Task objective
Type the data below again exactly. Omit all pictures.

Collected data
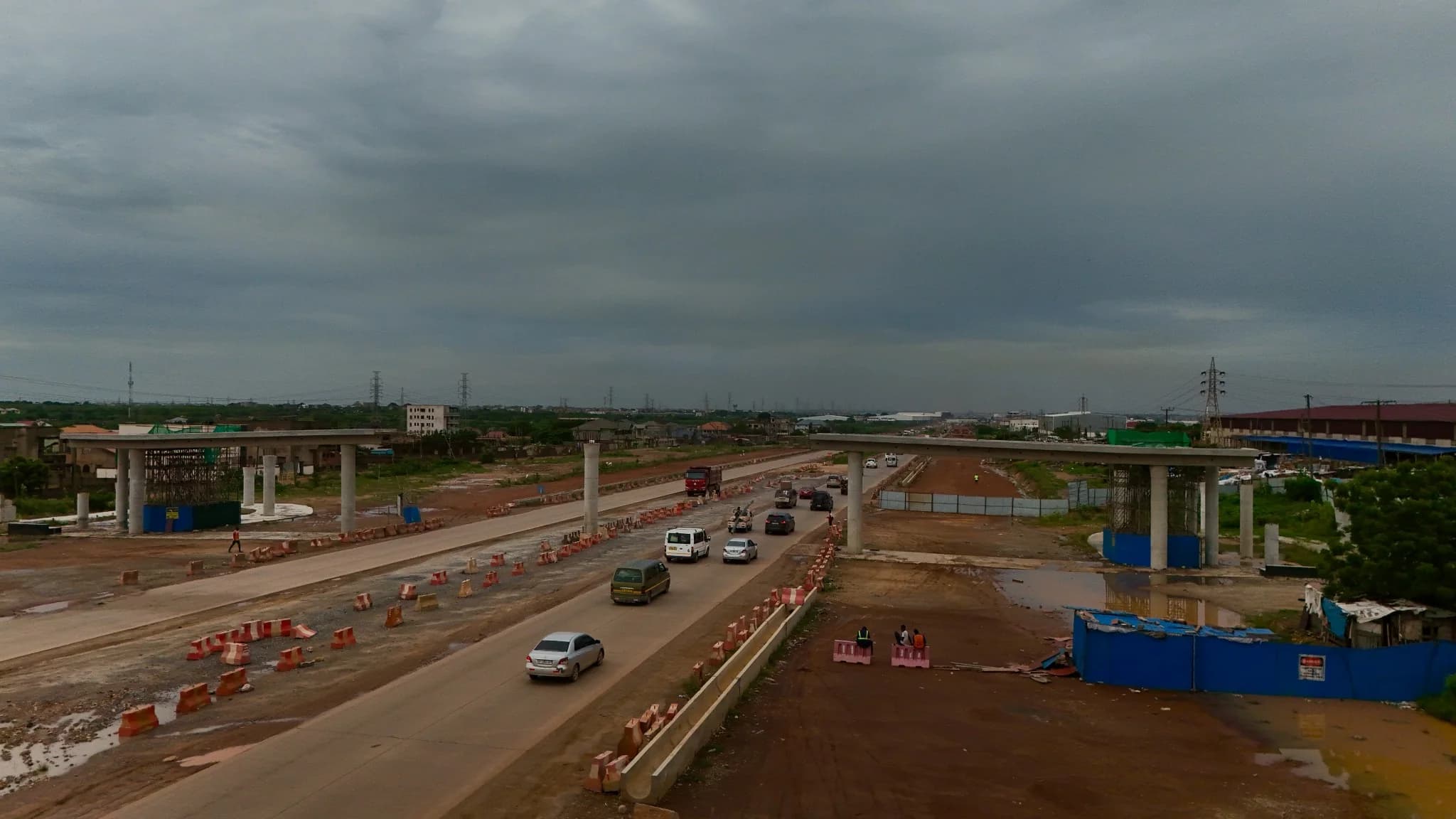 Aerial view of completed overpass piers and crossheads straddling the corridor at dusk, with traffic on the road below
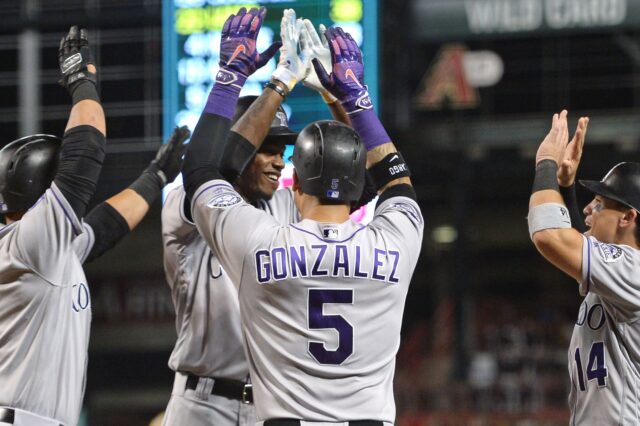 Rockies players celebrate Ramiel Tapia's grand slam Friday night. Credit: Joe Camporeale, USA TODAY Sports.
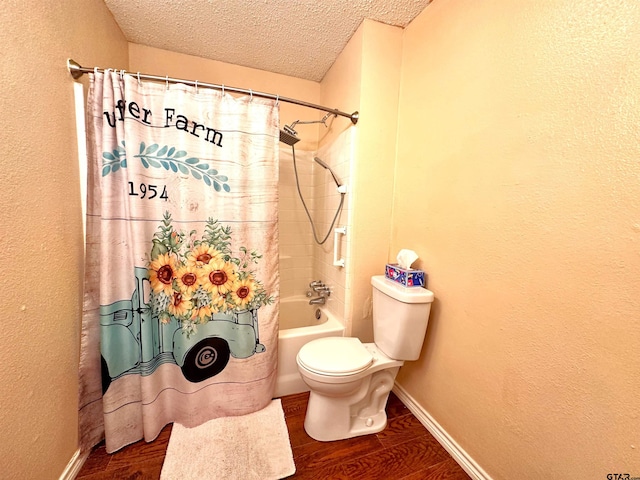 bathroom featuring hardwood / wood-style floors, shower / bath combo with shower curtain, a textured ceiling, and toilet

Response
 Aerial view of completed overpass piers and crossheads straddling the corridor at dusk, with traffic on the road below
 Rockies players celebrate Ramiel Tapia's grand slam Friday night. Credit: Joe Camporeale, USA TODAY Sports.
 bathroom featuring hardwood / wood-style floors, shower / bath combo with shower curtain, a textured ceiling, and toilet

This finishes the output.